So, I've got this scavenged rack that cost me a week's worth of spoons to wrestle into the house in December, which has been taking up space since then but is supposed to save space once I get the screws to mount computer equipment in it that's currently spread out over desks and an improvised workbench.

But I couldn't find screws that fit it. One day when I remembered to mention that I was looking for affordable shelves and found out that [livejournal.com profile] syntonic_comma had a few extras he could part with, he also handed me a screw from his rack to match at a hardware store on my way home and buy more of, which turned out to be a 10-24 when I took it to Home Depot, so I bought a bunch of 10-24 screws and, on a hunch, a bunch of 10-32 screws just in case. Neither size fit my rack (though a 10-32 nut did fit onto one a screw I had that was already in the rack). I asked my favourite mailing list for clues, and got pointed to a web page that said the most common sizes of mounting screws for computer racks were -- ta da! -- 10-24 and 10-32, with a small minority being M6. So, back to Home Depot -- the one I usually go to instead of the one on the way home from Virginia -- where I found that my sample screw would go into the M5 hole in the screw-guage in the store. So home again with a few M5 screws ... which did not fit into the rack (though they went in about half a turn farther than the 10-32 screws).
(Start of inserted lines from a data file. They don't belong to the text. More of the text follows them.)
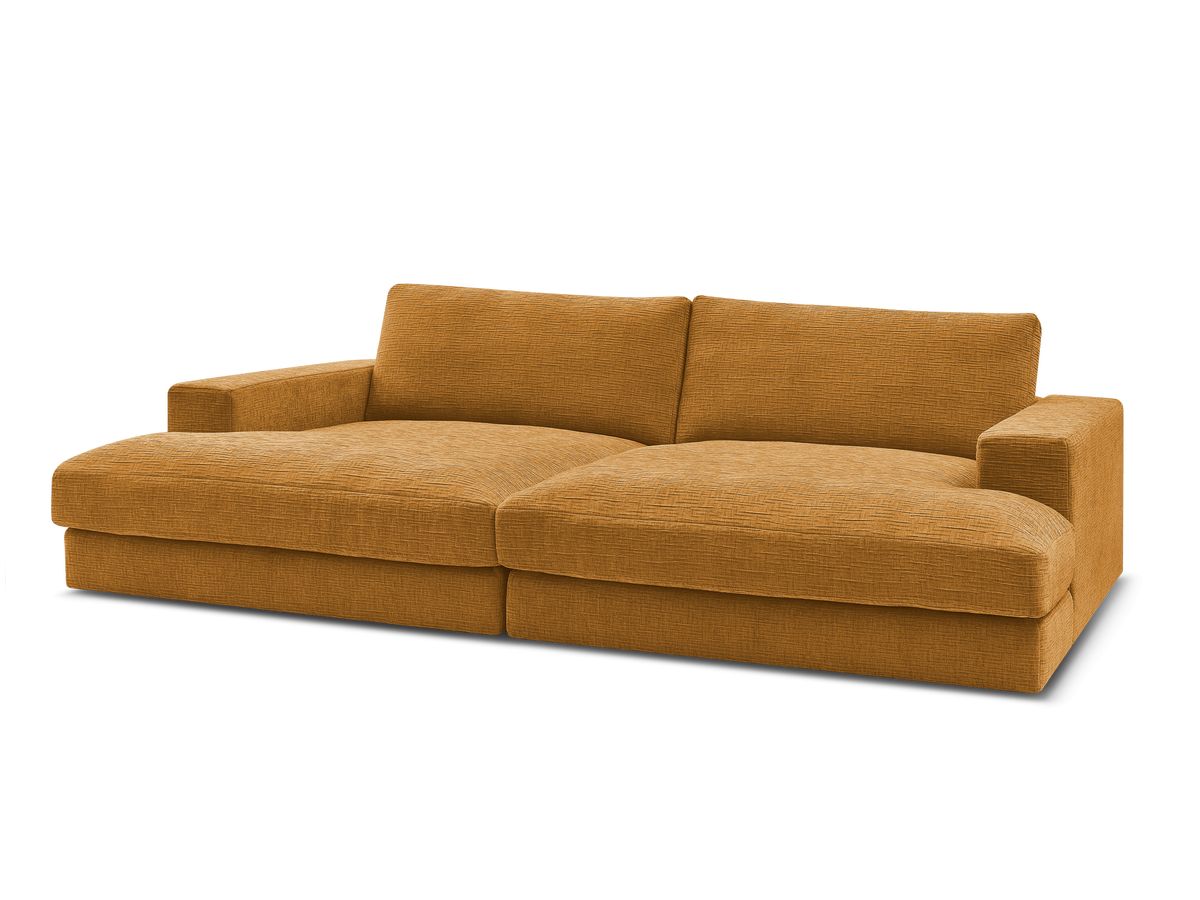 Canapé droit fixe 4 places compact LEONARD assise profonde tissu texturé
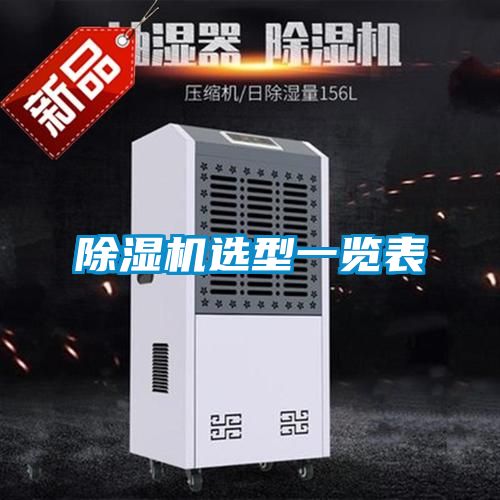 除濕機(jī)選型一覽表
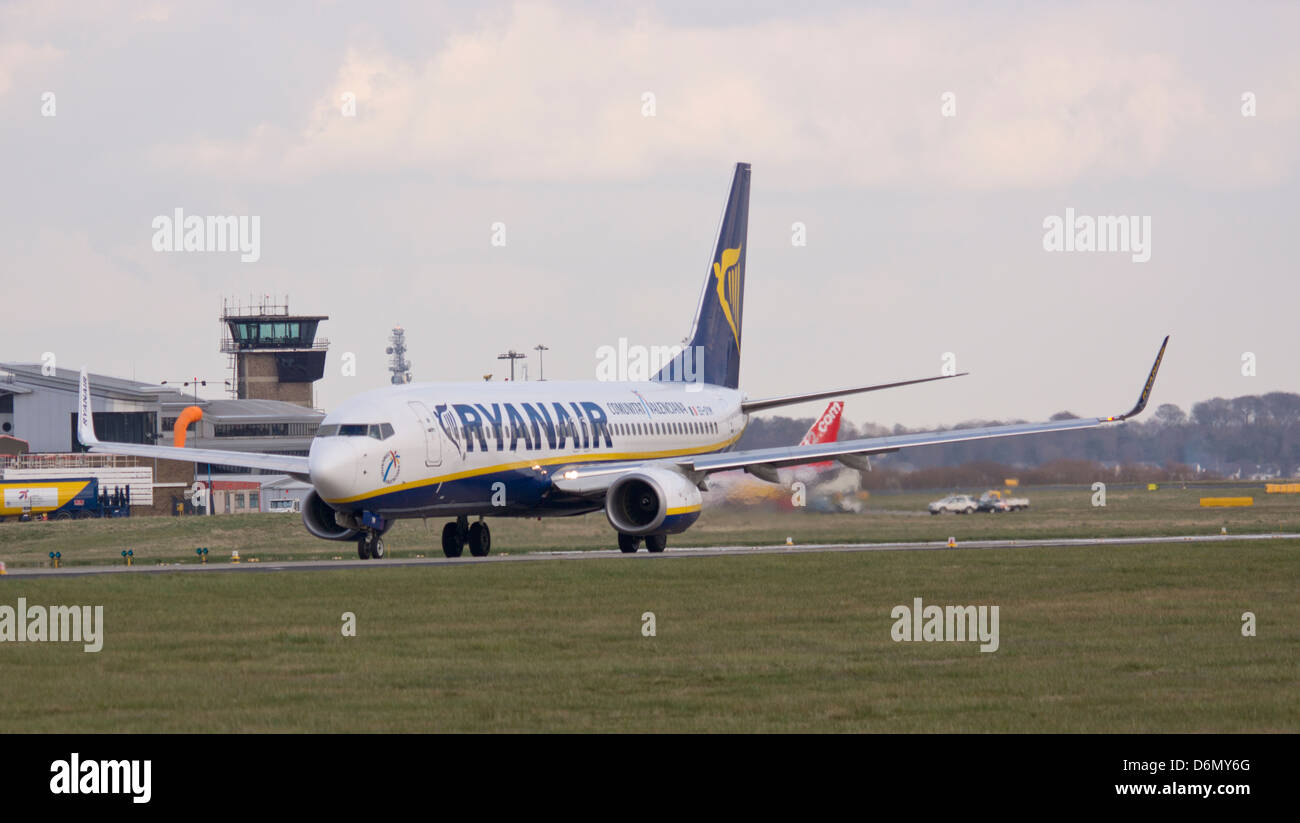 Ryan Air Passenger aircraft landing at Leeds Bradford international airport in Leeds, West Yorkshire Stock Photo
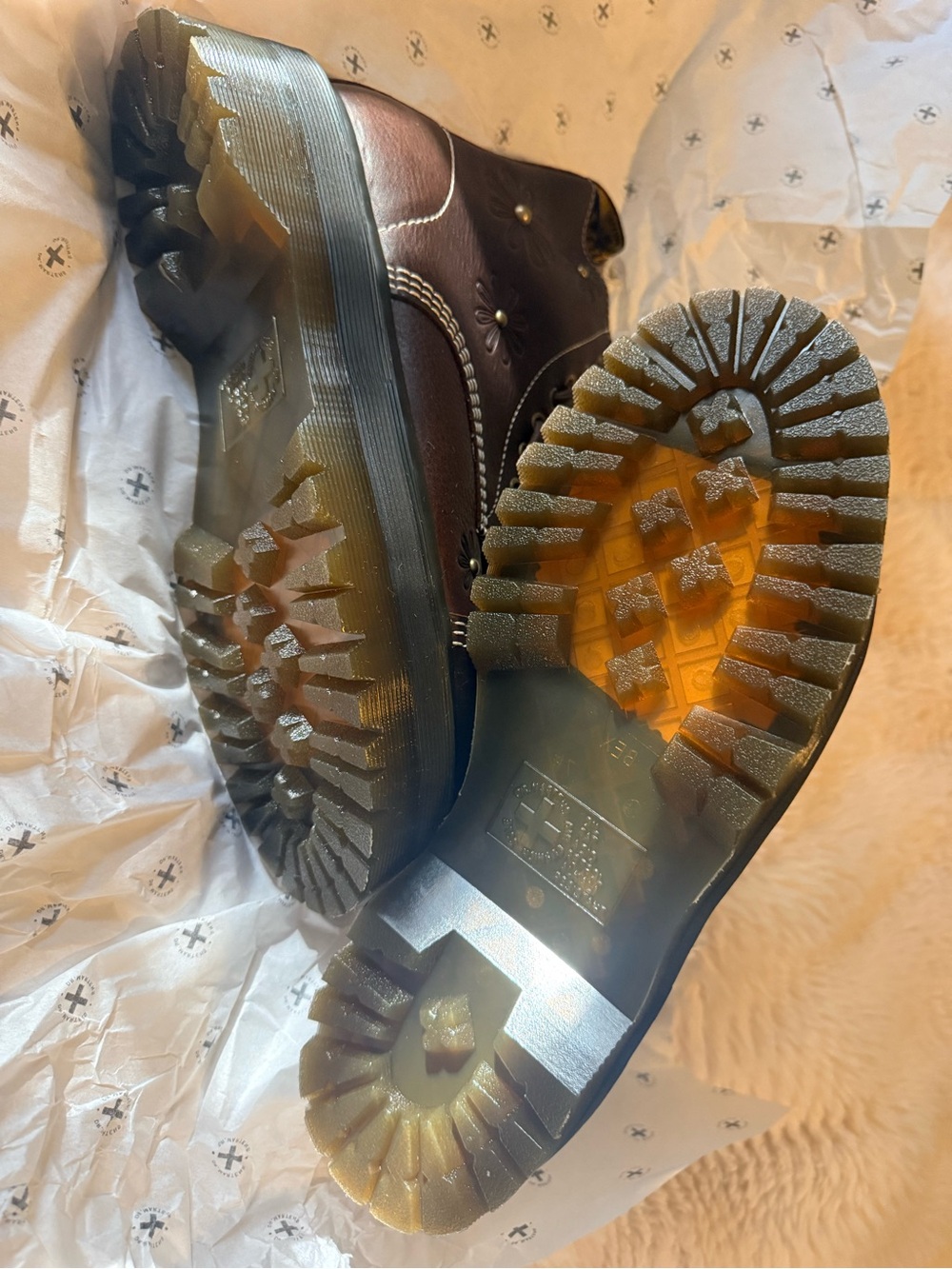 Dr. Martens Brown Floral Embossed Leather Ankle Boots - Picture 10 of 12
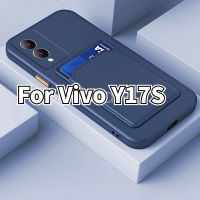 เคสโทรศัพท์ TPU สี่เหลี่ยมสำหรับ Vivo Y17S Y 17 S Y17 S Y27 VIvoY27 VivoY17S ป้องกันกล้องแฟชั่นคู่ช่องเสียบบัตรปลอกด้านหลังนิ่มกันกระแทก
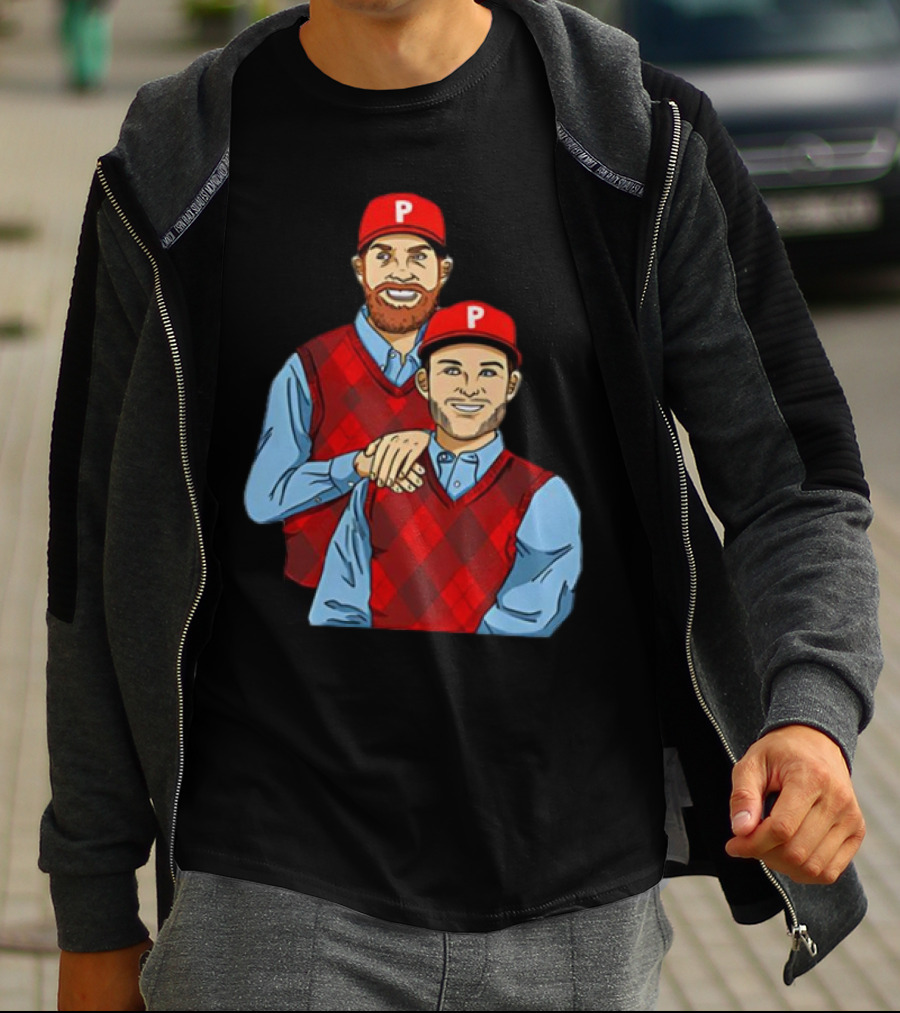 Phillies Step Brothers Movie Parody With Red Caps And Argyle Sweaters T-Shirt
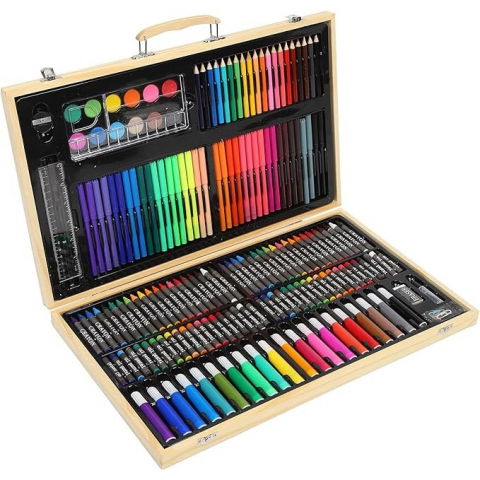 Jocuri si articole copii - Set de desen si pictura pentru copii cu 180 piese in cutie de lemn tip servieta,47x29x4.5 cm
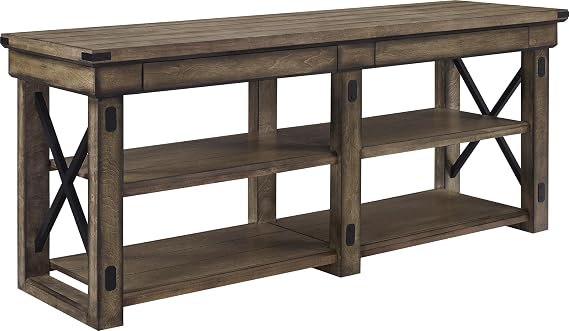 Ameriwood Home Wildwood Wood Veneer TV Stand for TVs up to 65", Rustic Grey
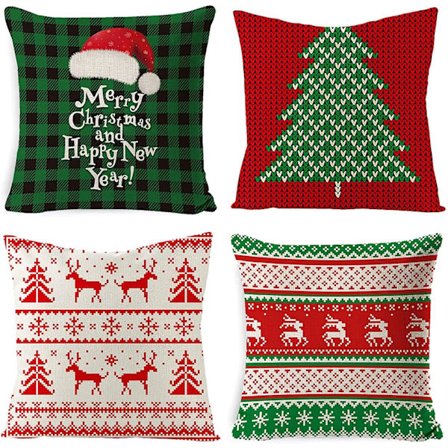 4 stk Juleputetrekk Bomullslin Høyde Putetrekk Søt Tegneserie Julepute Dekorasjon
That was a couple weeks ago. I've been annoyed by the sight of the rack all that time. Over the weekend I finally got one side of the rack off (nearly wrecking my 10mm socket in the in the process), amd this morning I tossed it in the car (had to fold down the back seat and put it in through the trunk) to go to hardware stores, expecting to have to visit specialty fastener companies afterwards (and not being sure which of those were wholesale-only). But first, since I was out at regular-person hours instead of night-owl-time, and also because the Catonsville Home Depot is a little farther than I want to drive my car while it's steering funny (by the way: today I noticed that the cruise control no longer works, which I hadn't thought to check during my test drive after the hit-and-run) I stopped at a tiny corner corner hardware store (in a converted rowhouse) a few blocks from my house first.

They tried various screws.

Their 10-32 screws fit. They fit about as well as the one that came from the rack in the first place, in two holes, and more stiffly than that but not "oh no it's the wrong thread"-stuck in the other holes we tried.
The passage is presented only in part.